# Impossible to fly to Paphos



## Guest (Apr 23, 2011)

It seem to be only UK that can fly to Paphos 

At this link they say that its possible to fly from many airports also in Germany but when we now try to book a flight it is impossible. No airline fly from any airfiels in Germany. And from rest of europe it seems that it is only Brussels that have a connection

Flights to Paphos airport

And from Larnaca its expensive to come to Paphos

Not good at all


----------



## Veronica (Apr 5, 2008)

I am surprised that you can't get a flight to Paphos as we have had people flying in from other European countries into Paphos.


----------



## Veronica (Apr 5, 2008)

Expedia show flights from Frankfurt to paphos

Flights from Frankfurt Am Main to Paphos - FRA to PFO Flights | Expedia


----------



## Veronica (Apr 5, 2008)

The other way is to get a flight to one of the London airports and then a cheap flight with easyjet to Paphos.


----------



## Guest (Apr 23, 2011)

That is a problem for us because of the CRAZY Visa regulations for my wife to get transit visa. She has to fill in a 10 pages form and we will just not do that. Stupid regulation. She has a permanent permission to stay in Germany but because of the Schengen rules its a hell to go to UK. We wanted to visit Monkey World over a weekend but its to much fuss and costs to do it


----------



## Veronica (Apr 5, 2008)

That sounds ridiculous


----------



## Guest (Apr 23, 2011)

Yes but true. UK have very special rules. Same when I go with freight. I will go on Monday and I like the trip if it was not all fuss with border controls. It must be something special with the EU islands. My wife was with me in Cyprus over New Year and the controls both in Greece and Cyprus took soo long time


----------



## Veronica (Apr 5, 2008)

And yet the UK is full of illegal immigrants who enter on phoney student visas etc and then disappear into the shadows working illegally.


----------



## Guest (Apr 23, 2011)

I dont really know the reason why UK as only EU country dont allow people that are married or children to a Union citizen to visit without a Visa. It seem to me that UK need all the tourist money it can get


----------



## Veronica (Apr 5, 2008)

It certainly dosn't make much sense to me


----------



## tackle (Mar 9, 2010)

*madness*

just another example of absurd uk rules being applied to legitimate honest upfront people, BUT if your an illegal with sole intention of draining the system, not contributing to it......then you get in no problem:welcome:.
a friend of mine is burmese with dual uk/burmese nationality & has paid in to the uk system all his working life....his wife is burmese with only burmese passport, he decided to surprise her with a surprise romantic weekend break in paris, upon attempting to enter france, immigration demanded she complete a burmese specific visa........which cost him approximately £100........kinda spoiled the weekend for them.


----------



## Guest (Apr 23, 2011)

Yeah the system somehow sucks.

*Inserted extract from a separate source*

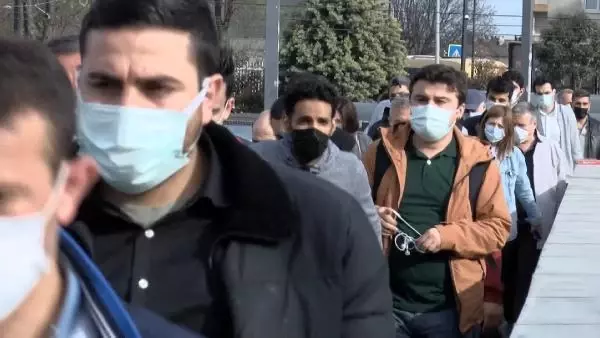 KISITLAMAYA DAKİKALAR KALA İSTANBUL'DA TRAFİK YOĞUNLUĞU YÜZDE 74 KISITLAMAYA DAKİKALAR KALA İSTANBUL'DA TRAFİK YOĞUNLUĞU YÜZDE 74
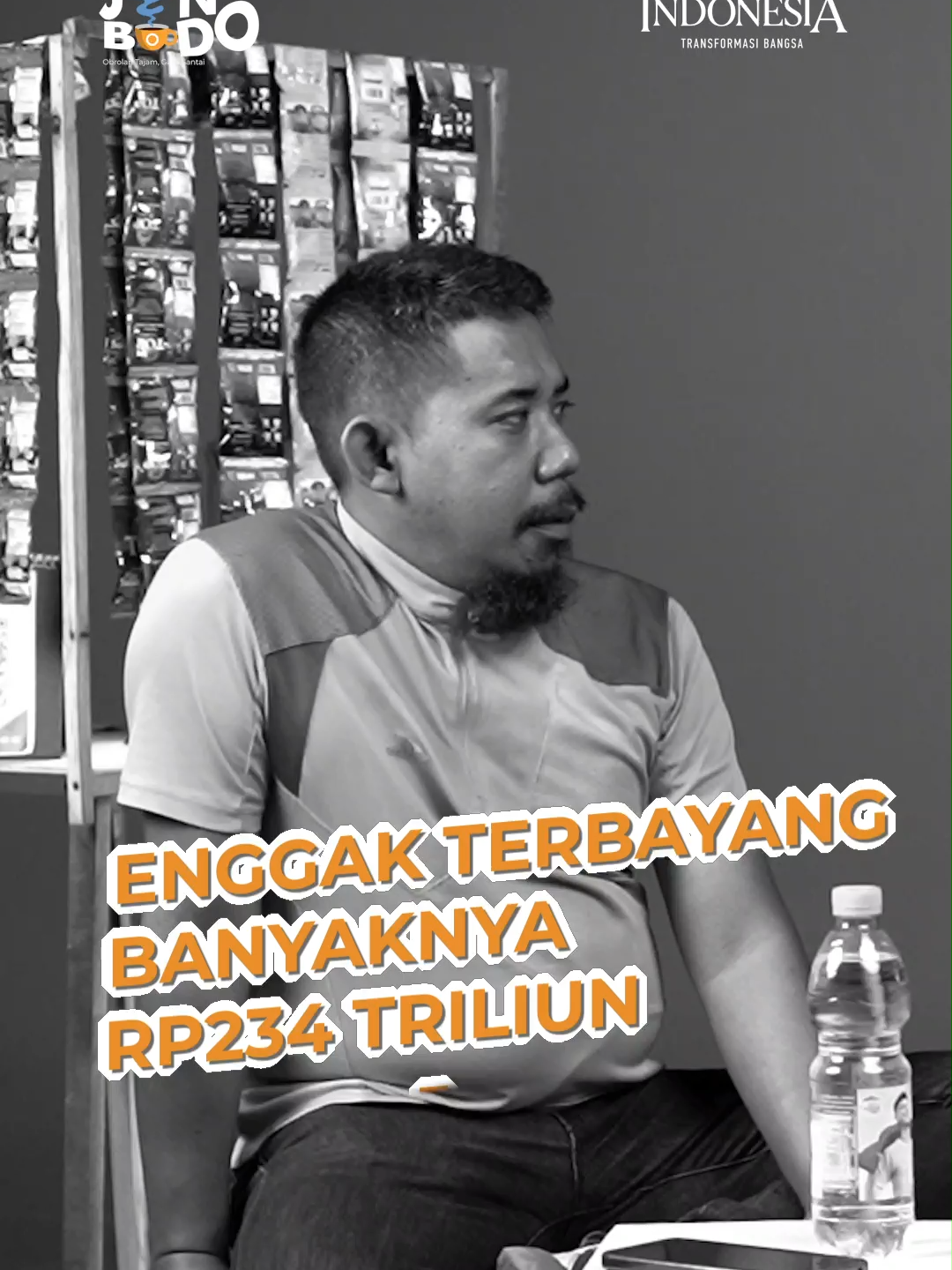 Enggak Terbayang Banyaknya Rp234 Triliun Gubernur Dedi Mulyadi tidak terima dengan pernyataan Menteri Keuangan Purbaya Yudhi Sadewa kalau dana pemerintah daerah (pemda) mengendap di deposito di perbankan. Bahkan, pria yang kerap disapa Kang Dedi itu menantang Purbaya untuk membuktikan dana APBD Jawa Barat senilai Rp 4,17 triliun mengendap dalam bentuk deposito. Pasalnya, Kang Dedi mengaku sudah mengecek rekening milik pemerintah provinsi, tidak ada deposito sebesar Rp4,1 triliun.  Sedangkan menurut Purbaya berdasarkan data Bank Indonesia (BI), Jawa Barat termasuk lima besar dana pemda yang menganggur di bank. Total dana pemda di bank pada 2025 mencapai Rp234 triliun.  #dedimulyadi #Purbaya #KDM #APBD #DataBI #Deposito #Menkeu #GubernurJabar #DanaMengendap Link video https://youtu.be/YiXU7JopcFc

We would be able to go to France without problem. But ofc France make troubles for people like your friends wife because UK does the same to people that live in France with other passports


----------



## ymg (Dec 19, 2009)

You can fly from Amsterdam to Paphos with KLM and Cyprus Airways. I also find a flights from Frankfurt like Veronica told you.
If I my look at my situation it is almost cheaper to book a vacation to Cyprus than to purchase just a ticket. From Holland to Cyprus it is approx. 420 euro per person. You can book a holiday too for it. Good luck with your the search.


----------



## Guest (Apr 23, 2011)

What company fly from Frankfurt?. You can book with Cyprus Airways but when you come to the last step it say it is to Larnaca.


----------



## zin (Oct 28, 2010)

Cheap Flights - Compare Airline Tickets with Skyscanner.com

Only indirect flights, but then again Paphos is more for charter flights so there might be flights on a Wednesday and Sunday only for example.

Cheap Flights from Germany to Paphos | Skyscanner


----------



## ymg (Dec 19, 2009)

Indeed, just indirect flights. From Larnaca to Paphos is a 1,5 hour drive.
That isn't that long. We flew from Larnaca last year too, because the connections with Paphos aren't that good at all.


----------